Steady rain all day may have thinned the ranks of the protestors, but the crowd, organized by the International Act Now to Stop War and End Racism (ANSWER) coalition still marched, with a heavy police escort, from Lafayette Park to the home of Defense Secretary Donald Rumsfeld in the nearby Kalorama neighborhood.

It was called the “Speak Truth to Power” rally with the voices of Muslims and Arabs whose families have been ripped apart through raids, detentions, and secret hearings, as well as activists who complain that vital domestic programs are being cut to pay the cost of the war.

Other family members of personnel still serving in Iraq carried pictures with signs at the rally. “Bring my son home… alive!” read the signs carried by two individual members of “Military Family Speak Out.” “Support our troops…bring them home now!” is their motto.

“Iraq is a 5,000-year-old civilization,” said Caneisha Mills, a Howard University student and rally organizer. “The Iraqi people can determine their destiny for themselves.”

Rally speakers included a variety of voices articulating their demand that the U.S. get out of Iraq. Speakers also protested U.S. policy toward Haiti, Korea, Afghanistan, Saudi Arabia, the Philippines, Colombia, Cuba and Venezuela, and they demanded the end of the “colonial occupation of Palestine” and the support of the Palestinian “right of return.”
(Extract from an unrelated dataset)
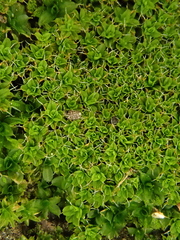 Syntrichia virescens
Other speakers said the Bush administration has trampled civil liberties with its enforcement of the Patriot Act and ignored great needs at home, while allocating money for a military adventure overseas.

ANSWER announced plans for a summer of protests. Nationally coordinated demonstrations are planned for June 30, the day the U.S. turns over “sovereignty” to Iraq, and in late July in Boston at the Democratic National Convention, and in late August in New York at the Republican National Convention.